Arrêt du Conseil d’Etat n°215998 du 15 juillet 2004 - Ministre de l’Equipement, des transports et du logement c/ SNC Norminter
Le Conseil d'Etat confirme que le transfert du permis de construire, s'il ne modifie pas le fait générateur de la taxe locale d'équipement (TLE), désigne un nouveau bénéficiaire et par suite un nouveau redevable de la taxe. L'exonération de la TLE des bâtiments reconstruits après sinistre n'est pas transmissible au bénéficiaire d'un transfert de permis de construire. Cette restriction vise à éviter que l'exonération ne puisse permettre une plus-value injustifiée en cas d'aliénation à titre onéreux du terrain.

Arrêt de la Cour de Cassation civ.1 n°02-13313 du 8 juin 2004 - Commune de Brageac
Les collectivités peuvent recouvrer leurs produits soit en vertu de jugements ou de contrats exécutoires, soit en vertu d'arrêtés ou de rôles pris ou émis et rendus exécutoires. Dès lors, une commune peut renoncer à faire usage de son privilège de l'exécutoire pour obtenir le paiement de sa créance, et saisir le tribunal judiciaire sans que la charge de la preuve soit inversée. Les actes relatifs à l'existence et à la mise en oeuvre de la redevance d'enlèvement des ordures ménagères sont revêtus de l'autorité de la chose décidée et échappent à la compétence du juge judiciaire.

Arrêt du Conseil d’Etat n°242085 du 26 mai 2004 - STE PALOMA
Les dispositions du 4ème alinéa de l'article R241-1 du code des communes qui prévoient que les poursuites pour le recouvrement des créances des communes sont effectuées comme en matière de contributions directes n'ont ni pour objet, ni pour effet, de rendre applicables aux contestations d'une créance les dispositions de l'article L281-2 du livre des procédures fiscales (LPF) fixant les règles de recevabilité de la contestation des actes de recouvrement en matière fiscale.
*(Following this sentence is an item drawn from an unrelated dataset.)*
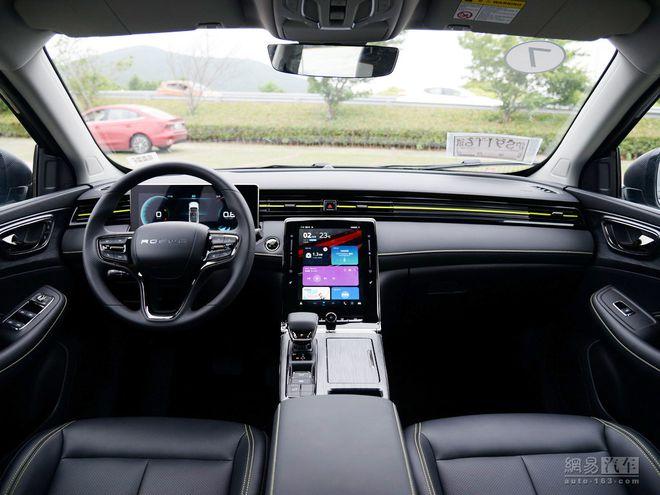 荣威rx5综合优惠25万现车充足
Aux termes de l'article L252 A du LPF, le fait que le maire ait arrêté les titres de recettes suffit à leur donner immédiatement force exécutoire.

Arrêt de la Cour administrative d’appel de Montpellier n°03-00032 du 20 avril 2004 - Payeur départemental des Pyrénées-Orientales
Une saisie pratiquée à titre conservatoire et convertie en saisie attribution le jour même du jugement d'ouverture ne peut pas entraîner l'attribution immédiate des fonds du saisissant en raison des effets de ce jugement qui se sont produits dès la première heure du jour où il est intervenu. La saisie est inopposable à la procédure collective.

Arrêt du Conseil d’Etat n°249737 du 28 novembre 2003 - Centre Hospitalier Félix-Guyon
La contestation, devant une juridiction, du bien fondé d’une créance assise et liquidée par une collectivité territoriale ou un établissement public local suspend la force exécutoire du titre de recette.

Arrêt du Conseil d’Etat n°214901 du 28 octobre 2003 - Communauté urbaine de Strasbourg
Il résulte de l'article L233-4 du code des communes, que les propriétaires doivent être mis à même de contribuer au choix des matériaux utilisés pour la construction du trottoir, en fonction, notamment, de leur prix. Faute que cette formalité substantielle ait été accomplie, un propriétaire riverain doit être déchargé de la participation financière qui lui est réclamée à raison de la construction d'un trottoir le long de son terrain.